WHAT TO PRODUCE -> Every entry is to be transcribed as it stands. Images stay out.

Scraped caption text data
━━━━━━━━

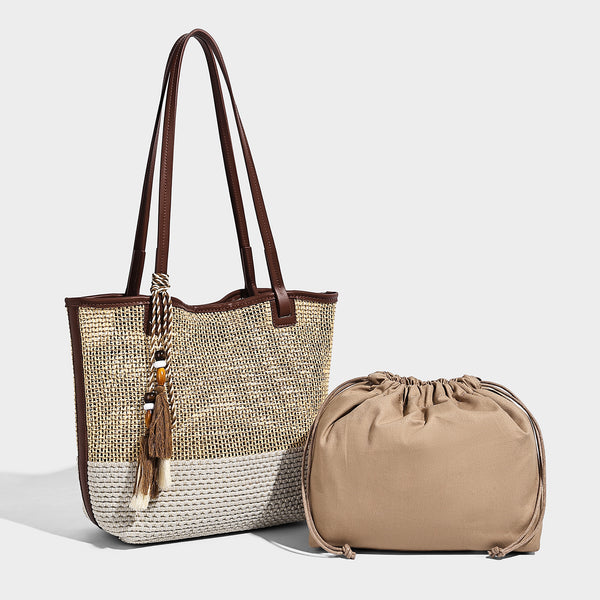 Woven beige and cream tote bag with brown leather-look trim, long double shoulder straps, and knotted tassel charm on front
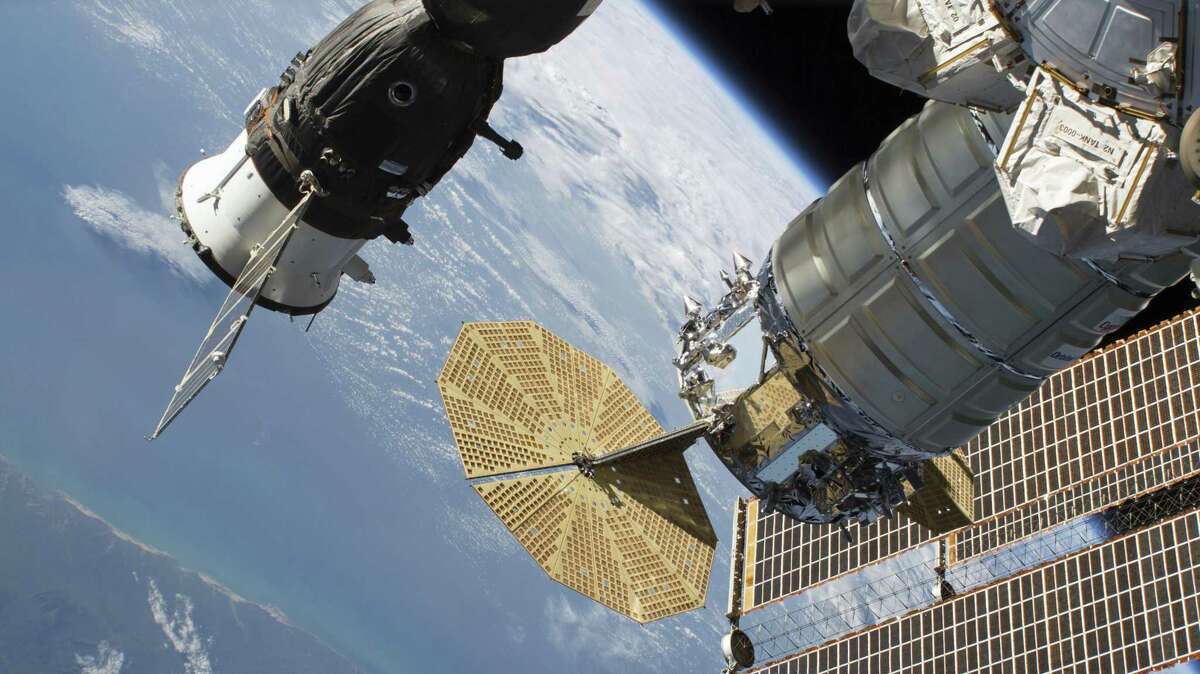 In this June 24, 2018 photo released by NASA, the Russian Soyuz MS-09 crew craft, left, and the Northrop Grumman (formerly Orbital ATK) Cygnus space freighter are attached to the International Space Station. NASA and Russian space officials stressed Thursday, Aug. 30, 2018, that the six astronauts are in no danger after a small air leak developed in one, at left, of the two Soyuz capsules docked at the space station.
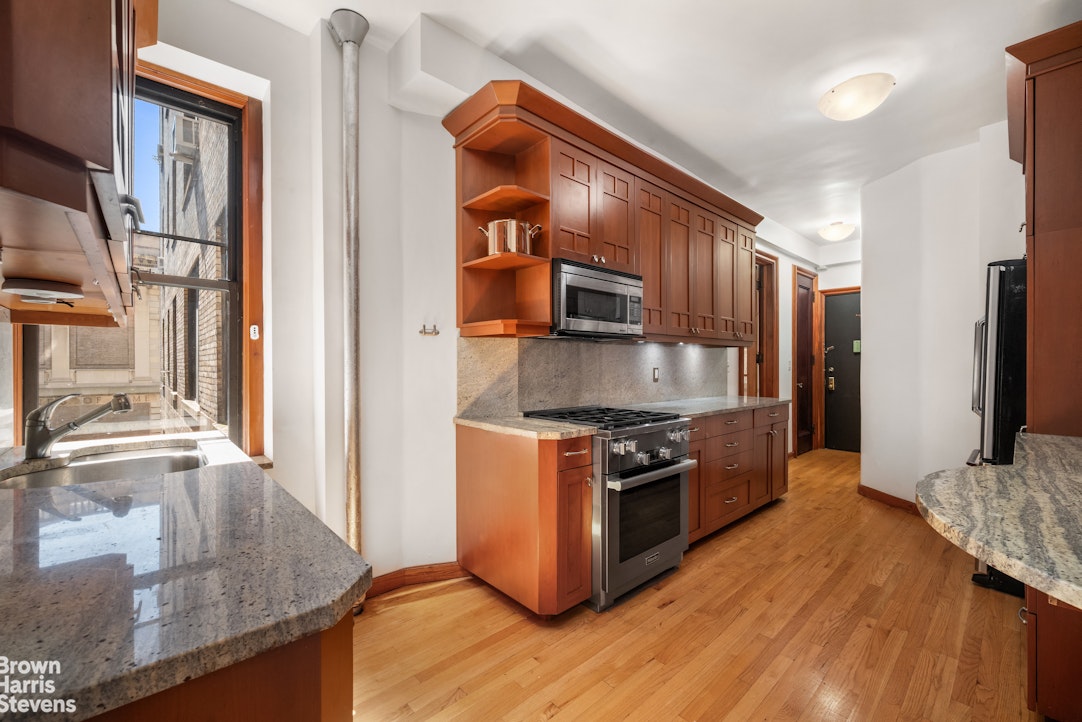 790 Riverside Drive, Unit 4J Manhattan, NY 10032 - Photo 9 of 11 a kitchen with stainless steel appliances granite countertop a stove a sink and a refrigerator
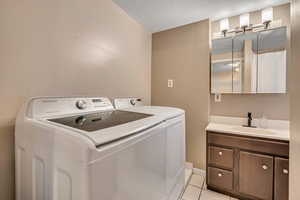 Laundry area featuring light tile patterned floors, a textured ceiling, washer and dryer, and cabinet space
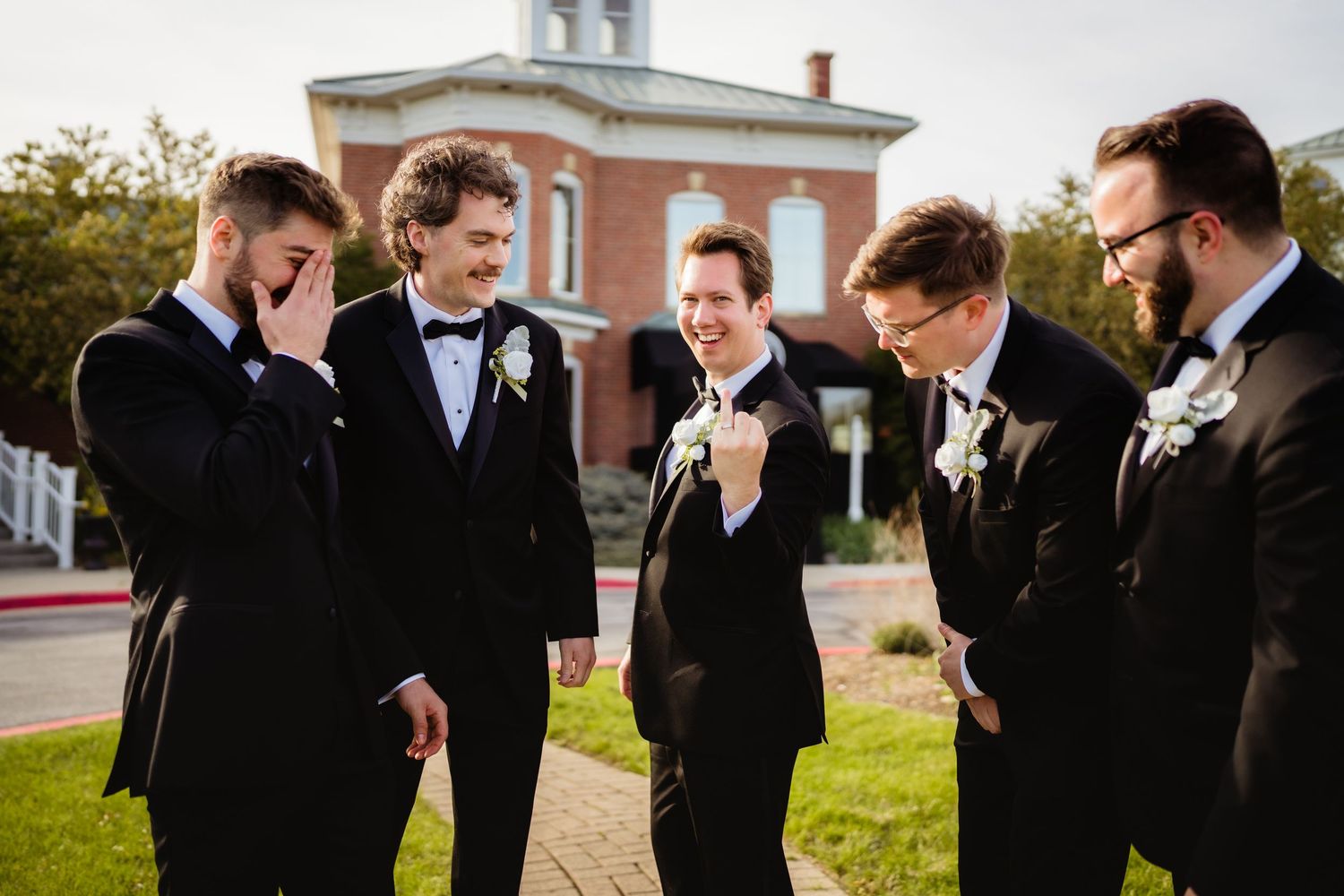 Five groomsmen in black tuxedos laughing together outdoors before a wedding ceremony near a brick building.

━━━━━━━━

SOLUTION TO THIS PROBLEM ->
 Woven beige and cream tote bag with brown leather-look trim, long double shoulder straps, and knotted tassel charm on front
 In this June 24, 2018 photo released by NASA, the Russian Soyuz MS-09 crew craft, left, and the Northrop Grumman (formerly Orbital ATK) Cygnus space freighter are attached to the International Space Station. NASA and Russian space officials stressed Thursday, Aug. 30, 2018, that the six astronauts are in no danger after a small air leak developed in one, at left, of the two Soyuz capsules docked at the space station.
 790 Riverside Drive, Unit 4J Manhattan, NY 10032 - Photo 9 of 11 a kitchen with stainless steel appliances granite countertop a stove a sink and a refrigerator
 Laundry area featuring light tile patterned floors, a textured ceiling, washer and dryer, and cabinet space
 Five groomsmen in black tuxedos laughing together outdoors before a wedding ceremony near a brick building.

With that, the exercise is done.